銀礼と呼ばれたその狐は、齢九つを迎えたこの日、母と共に主神を奉る神社へと足を運んでいた。


『選別の儀』―――幼子の属性を決める、狐の世界でのしきたりの一つ。この世界で、自分という存在を決定付ける儀式である。



狐霊は現世での長い生の中で性質が変貌した、云わば「転生体」である。狐として現世で生きた記憶を封印し、その魂のみを変容させる。人を模った霊体には知性が備わり、一時的に記憶を抹消することで新たな姿を魂に定着させる。本人が元はただの狐であったことは理解していても、生前の記憶、自身の行いを真っ当に覚えているものは少なく、狐霊として転生してしばらくの間はその地位や関係性に平等が保たれている。


しかし、ここから彼らの後生…霊としての昇華の過程を定めるに措いてはその生前の行いを基準とする必要がある。それを決めるのが『選別の儀』。

生前の己が人々から崇められ信奉されていたのなら『善狐』へ、恐れ畏怖されていたとしたら『野狐』へとその霊質が変化する。過去の己の所業も認め受け止めることで、初めて狐霊として一人前となるのだ。

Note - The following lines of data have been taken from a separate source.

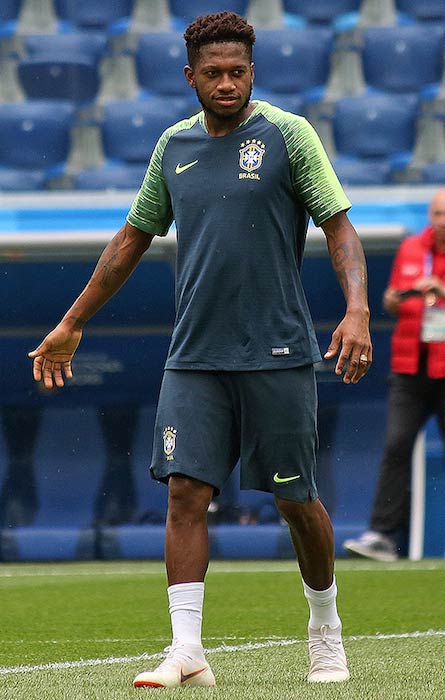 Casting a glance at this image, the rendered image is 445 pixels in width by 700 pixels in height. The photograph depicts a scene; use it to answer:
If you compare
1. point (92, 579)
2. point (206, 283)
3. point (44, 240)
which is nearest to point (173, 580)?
point (206, 283)

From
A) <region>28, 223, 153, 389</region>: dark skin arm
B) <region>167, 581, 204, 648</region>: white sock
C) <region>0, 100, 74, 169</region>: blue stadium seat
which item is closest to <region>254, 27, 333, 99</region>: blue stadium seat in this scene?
<region>0, 100, 74, 169</region>: blue stadium seat

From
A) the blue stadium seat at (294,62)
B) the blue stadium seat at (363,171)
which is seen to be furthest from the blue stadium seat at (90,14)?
the blue stadium seat at (363,171)

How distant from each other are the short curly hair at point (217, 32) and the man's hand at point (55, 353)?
81cm

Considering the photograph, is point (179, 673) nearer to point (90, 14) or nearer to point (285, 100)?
point (285, 100)

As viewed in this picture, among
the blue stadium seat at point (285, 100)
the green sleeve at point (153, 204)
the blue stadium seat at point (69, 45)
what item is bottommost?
the green sleeve at point (153, 204)

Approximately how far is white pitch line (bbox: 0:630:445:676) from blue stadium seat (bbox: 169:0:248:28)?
7547 millimetres

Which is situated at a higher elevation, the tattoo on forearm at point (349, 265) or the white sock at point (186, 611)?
the tattoo on forearm at point (349, 265)

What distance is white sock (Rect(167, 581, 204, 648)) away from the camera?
354cm

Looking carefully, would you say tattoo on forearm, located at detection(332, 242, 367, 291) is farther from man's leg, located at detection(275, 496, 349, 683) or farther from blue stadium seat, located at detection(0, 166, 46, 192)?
blue stadium seat, located at detection(0, 166, 46, 192)

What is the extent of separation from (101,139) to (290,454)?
24.9ft

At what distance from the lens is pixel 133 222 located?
3895 mm

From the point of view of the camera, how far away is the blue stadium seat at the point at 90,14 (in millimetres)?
11336

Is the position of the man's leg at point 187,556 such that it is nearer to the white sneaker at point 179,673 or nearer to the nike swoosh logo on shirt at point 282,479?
the white sneaker at point 179,673

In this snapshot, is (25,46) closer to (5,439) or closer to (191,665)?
(5,439) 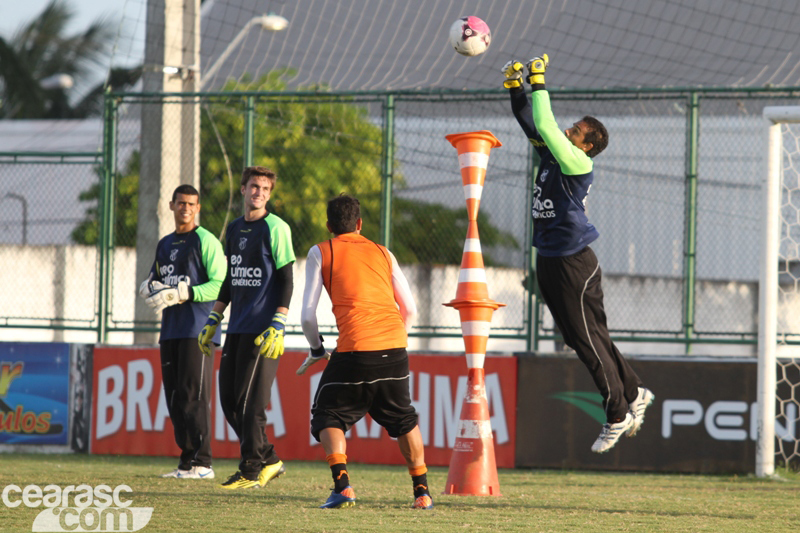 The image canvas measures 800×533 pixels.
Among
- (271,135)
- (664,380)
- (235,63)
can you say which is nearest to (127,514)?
(664,380)

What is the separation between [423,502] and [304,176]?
1892 cm

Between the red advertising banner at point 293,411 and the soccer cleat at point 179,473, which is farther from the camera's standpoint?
the red advertising banner at point 293,411

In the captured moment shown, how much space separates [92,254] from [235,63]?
18.7 feet

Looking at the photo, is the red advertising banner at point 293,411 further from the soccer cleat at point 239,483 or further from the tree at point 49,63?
the tree at point 49,63

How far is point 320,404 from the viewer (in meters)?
6.24

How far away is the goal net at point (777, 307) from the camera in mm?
8852

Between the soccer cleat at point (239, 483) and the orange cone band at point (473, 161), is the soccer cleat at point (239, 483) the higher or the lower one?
the lower one

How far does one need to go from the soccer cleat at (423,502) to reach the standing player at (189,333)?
240cm

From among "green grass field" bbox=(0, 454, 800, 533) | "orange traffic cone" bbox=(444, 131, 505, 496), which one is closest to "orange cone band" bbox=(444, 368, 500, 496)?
"orange traffic cone" bbox=(444, 131, 505, 496)

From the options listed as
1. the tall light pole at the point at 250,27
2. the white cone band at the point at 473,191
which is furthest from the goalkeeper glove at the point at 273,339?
the tall light pole at the point at 250,27

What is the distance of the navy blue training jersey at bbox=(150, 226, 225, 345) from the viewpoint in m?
8.14

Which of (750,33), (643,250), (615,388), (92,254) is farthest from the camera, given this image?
(92,254)

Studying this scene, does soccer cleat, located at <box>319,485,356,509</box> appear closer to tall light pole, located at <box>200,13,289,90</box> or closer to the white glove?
the white glove

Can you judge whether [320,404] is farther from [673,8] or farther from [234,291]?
[673,8] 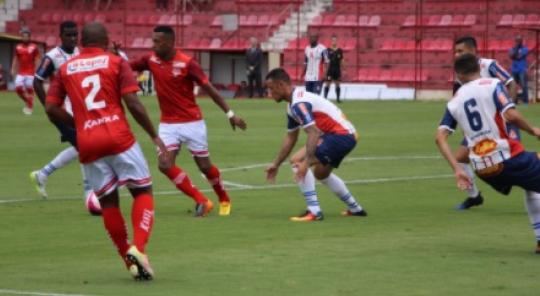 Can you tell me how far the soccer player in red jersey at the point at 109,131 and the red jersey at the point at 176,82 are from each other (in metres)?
4.33

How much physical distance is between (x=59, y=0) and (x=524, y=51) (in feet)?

これを決めるのは我ら狐霊の最上位として君臨する天狐の一人『九天』。

過去と未来を同時に知覚する能力を持ち、その力を持て『選別の儀』を執り行う稲荷神。

これから銀礼が赴く神社に住まう狐霊達の神である。




「…ねぇお母さん、お母さんは善狐なんだよね?」

「ん?そうだぞ、私は善狐の素質を受けた。まあ、そこまで地位は高くないがね」

「ふーん…そうなんだ。」

「…?どうした、何か不安があるのかい?」

「私、善狐になれるかなぁ……」




銀礼の抱く不安は真っ当なものであった。この世界でも信仰の対象である善狐と、人々を脅かす野狐とではその待遇の違いは明らかである。神が決めた定めだとしても、人格を持ってしまった以上悪しきものを煙たがる文化というものは根付いてしまう。

そして何より、その境遇の違いから銀礼は母と引き剥がされてしまうことを最も恐れていた。


銀礼の母『蜜葉』はあくまで一介の善狐である。しかし彼女が属する家柄は善狐の名門『稲月家』。

これまでに多くの優秀な狐を輩出し、その善狐出生率も極めて高い。無論、そんなものはただの偶然であり、確率の気まぐれによるものである。

しかし、そこにプライドを持つ一族であることも確かであり、少ない事例ながら生まれた野狐が如何なる末路を辿ったかも大方に見当が付く。蔑まれた者、出奔した者、絶縁された者、そして謀殺された者…。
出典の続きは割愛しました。